Like the sudden falling away of the sea before a tsunami.
Like everything was about to go wrong.
The tab was vertical. Unlocked.
She heard a sound from her nightstand. In the pile of coins she had scooped from the pocket of her duffle coat and placed there, an unnoticed bead the size of a breath freshener rolled—impossibly—over the raised edge and bounced twice on the carriage floor. She heard it cross to the door.
Blood hissed in her ears. Her muscles reeled tight. She could not move anything but her eyes. She found a shape in the darkness. Incidental light shifted in the tell-tale pattern of another person, reaching down to pick up the white bead.
Her struggle resolved to a thought. It condensed on her lips.
‘Cory?’
Suddenly, the cabin was filled with light.
Cory was wearing a black overcoat. There was a dash of white at his neck.

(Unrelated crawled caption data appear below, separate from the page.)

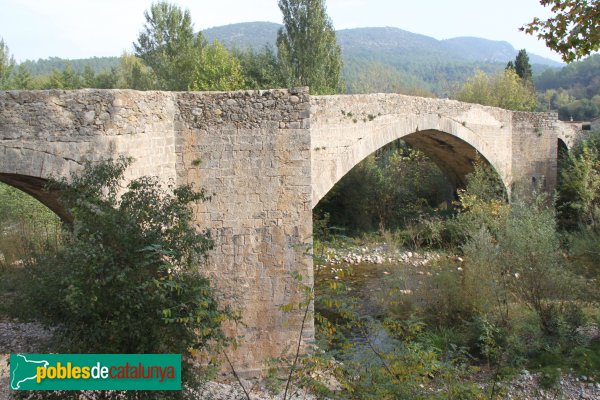 Sant Llorenç de la Muga - Pont Vell (Foto: Albert Esteves, 2011) Sant Llorenç de la Muga - Pont Vell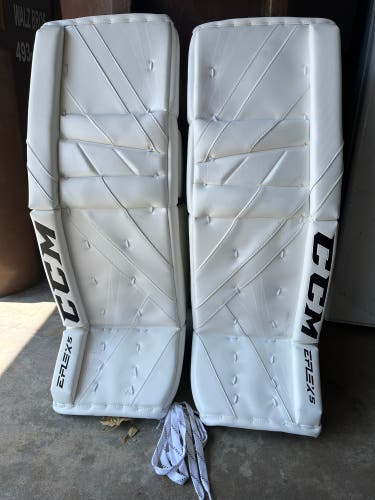 33 + 1.5" CCM Pro Stock Eflex 5 Goalie Leg Pads
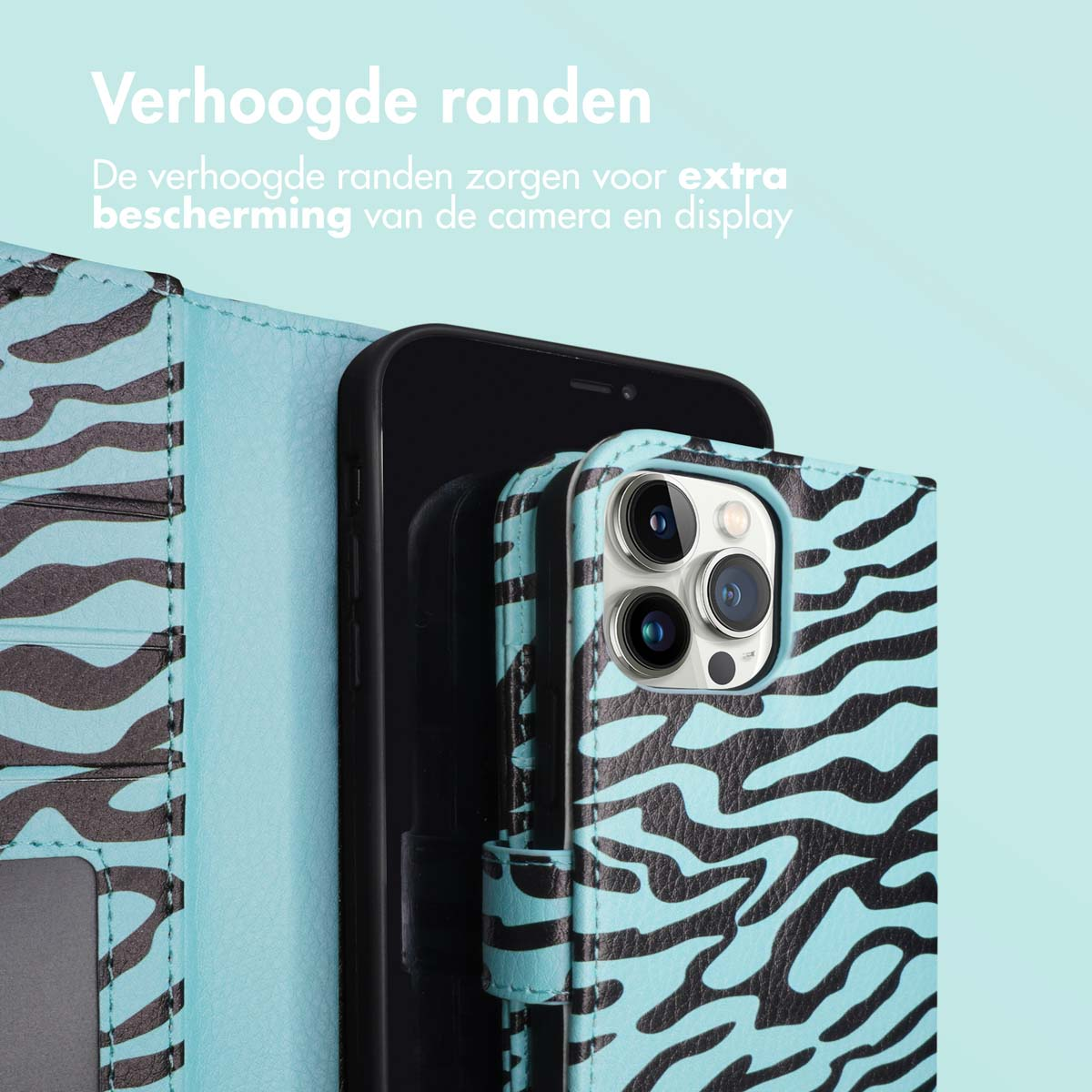 Telefoon in een hoesje met zebraprint, met een lichtblauw interieur en zwarte randen.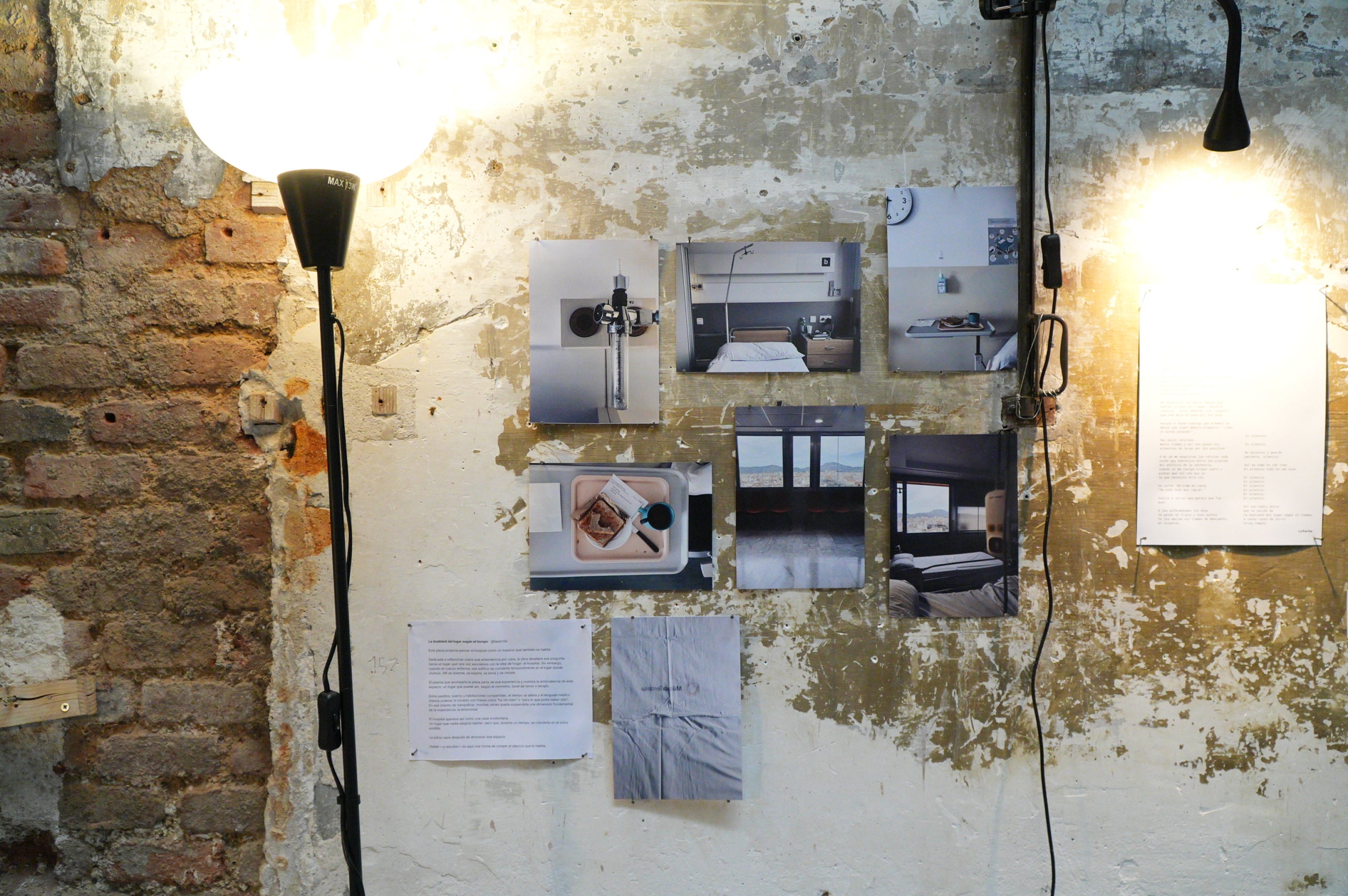 El Corralito Centre de Creació Artística ha acollit aquest cap de setmana una nova edició de la Qlectiva, una exposició col·lectiva que reuneix artistes i projectes de la ciutat i del territori al voltant d’un mateix concepte. En aquesta ocasió, la mostra ha girat al voltant dels conceptes de casa, habitatge, llar i ocupació. En aquesta edició s’han presentat un total de 19 propostes, que inclouen instal·lacions artístiques, pintura, fotografia, performances i altres formats contemporanis, així com la participació d’entitats i moviments socials de la ciutat de Terrassa,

She stared at it, conscious of the absurdity but not sure why, until she released that he was disguised as a priest. His hair was wet and his eyes had lost the depth of their blue. White stubble dusted his cheeks. He looked like a man in the last days of an illness. His finger remained on the light switch. As she looked from his hand to his face, Cory nodded slowly. It was the nod of a boxer before a round.